MPS Primitive Boundary¶
Custom MPS work should begin at one primitive boundary: activation projection
and intervention inside the trace path. The reason is that this primitive is
central to Vauban's behavior reports, has clear tensor inputs and outputs, and
can be checked against run_torch_activation_primitive() without changing
product semantics.
Boundary¶
The primitive owns only this local computation:
- input activation tensor with shape
(batch, tokens, d_model); - one direction vector or subspace tensor on the same device;
- layer index and prompt/token metadata for evidence labeling;
- projection mode such as scalar projection or subspace projection;
- optional intervention mode such as subtract, add, clamp, or conditional steer.
It returns:
- projection summaries for the selected layer and tokens;
- an optional intervened activation tensor with the same shape and dtype policy;
TraceArtifactmetadata that names the layer, tensor shape, dtype, and device;StageProfiletiming/memory fields emitted by the caller.
Non-Goals¶
The MPS kernel must not own model loading, tokenization, prompt formatting, behavior scoring, report rendering, or backend selection.
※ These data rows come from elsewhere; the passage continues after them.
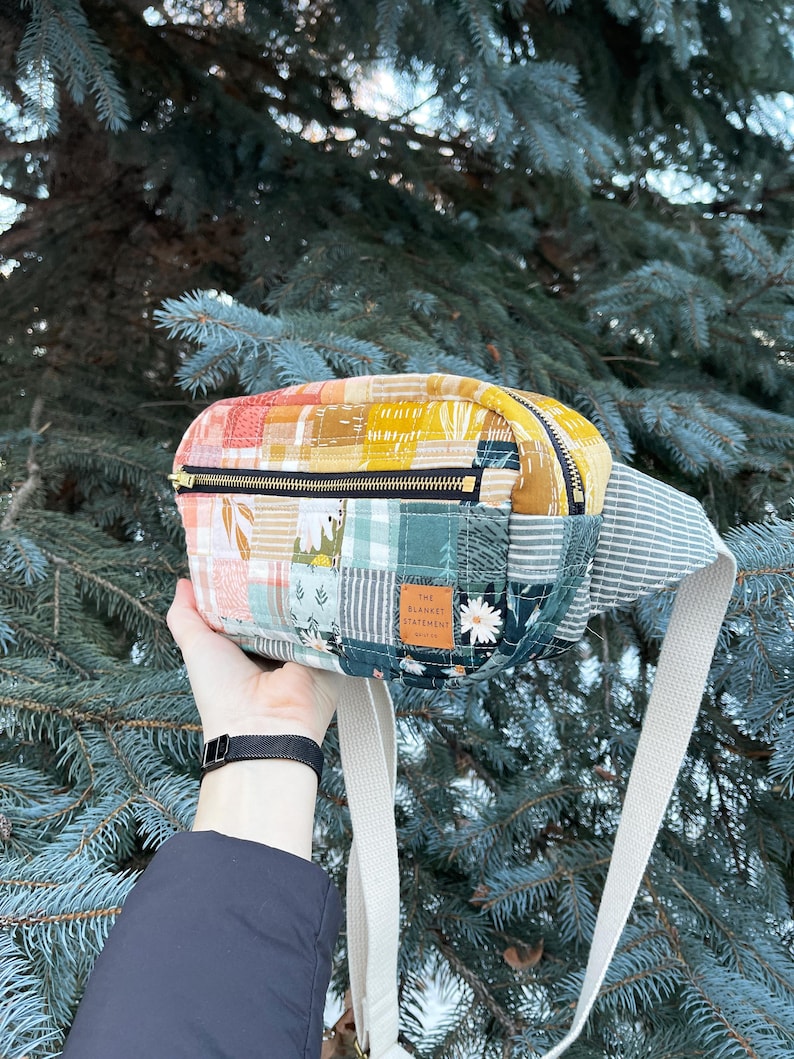 May include: A patchwork fabric fanny pack with a zipper closure and a white adjustable strap. The fanny pack has a brown leather patch with the text "The Blanket Statement" on it.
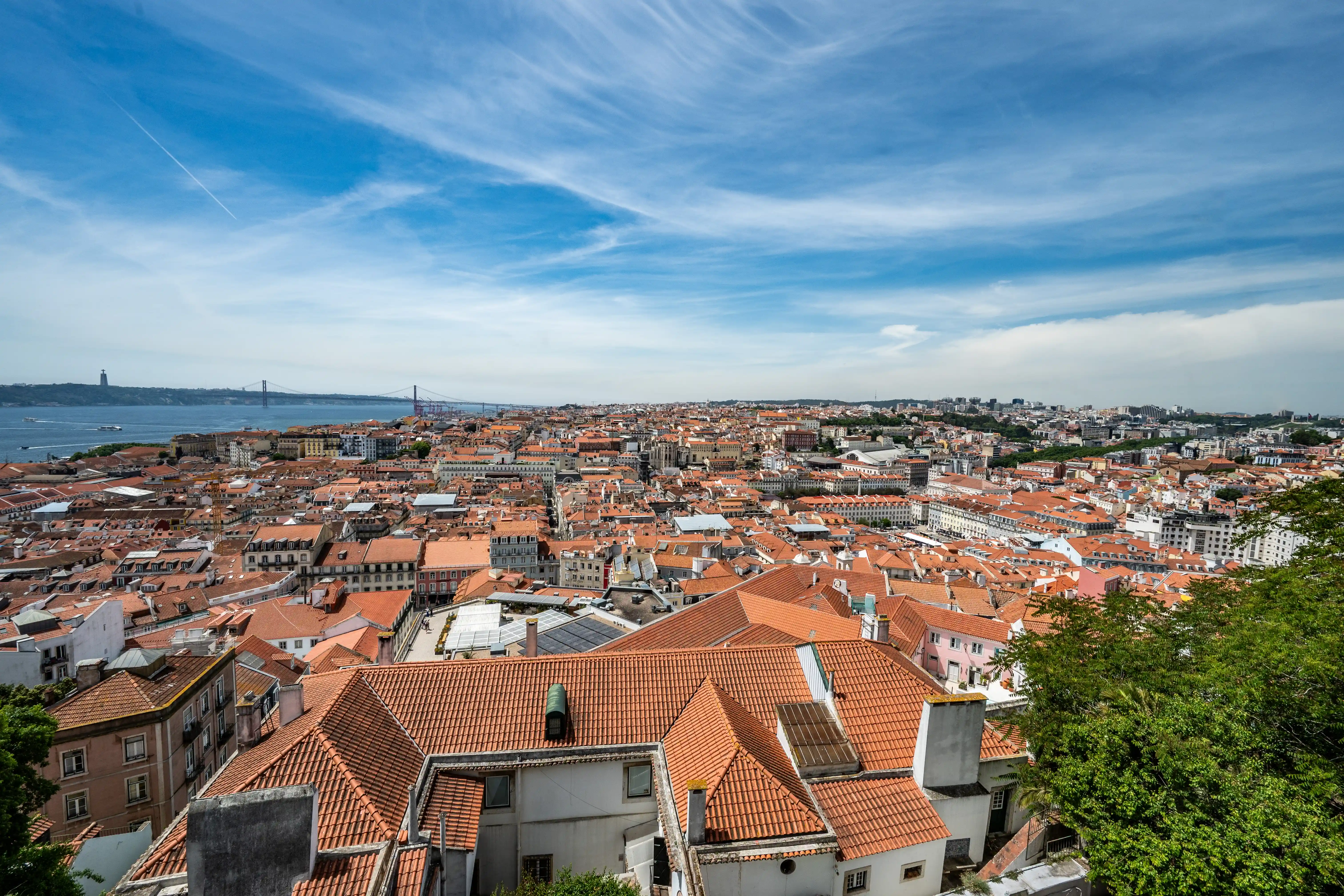 An aerial view of Lisbon, Portugal, showcasing a vast expanse of red-tiled roofs under a blue sky. A suspension bridge crosses the Tagus River in the distance, with a monument visible on the opposite bank.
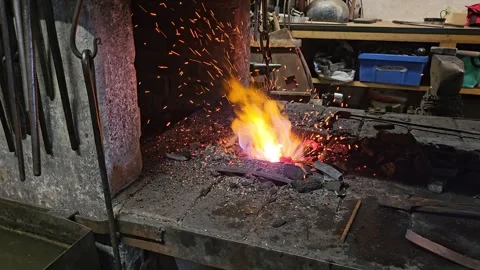 Blacksmith Forge Fire in Rustic Metalworking Workshop With Glowing Coal Video stock 333135894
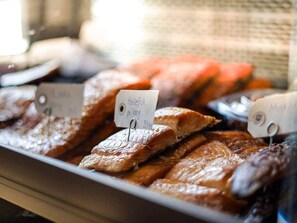 Una exhibición de diferentes tipos de pescado, incluyendo Hellefisk, con etiquetas de precio.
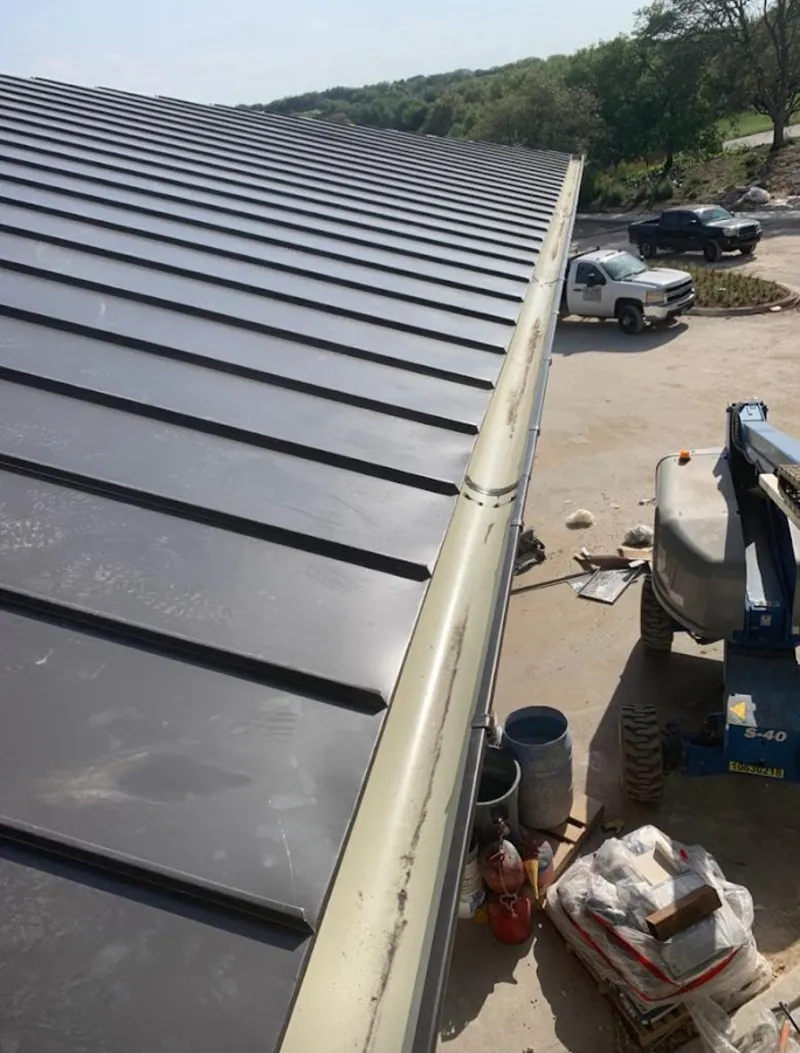 Standing seam panel and gutter detail on a metal roofing jobsite in Green Oak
Those are Vauban orchestration concerns. The kernel is an accelerator for one evidence primitive, not a second product surface.
Candidate Kernels¶
Start with the smallest kernels that can be compared directly to
run_torch_activation_primitive():
- direction projection:
activation @ direction; - subspace projection and removal;
- conditional steering gate based on projection threshold;
- batched projection summaries for behavior trace profile sweeps.
Each candidate must have a Torch reference path and shape/dtype/device tests before benchmark work begins.
Verification Gate¶
Before an MPS kernel can become a default implementation:
- compare outputs against the Torch reference on CPU and CUDA in CI or local smoke tests;
- validate on an Apple Silicon MPS host with the same behavior trace config;
- confirm emitted
TraceArtifactandStageProfilerecords are stable; - run a small behavior suite before and after enabling the kernel;
- report performance only from measured MPS benchmark data, with variance.
If a kernel improves speed but changes evidence semantics, keep it experimental.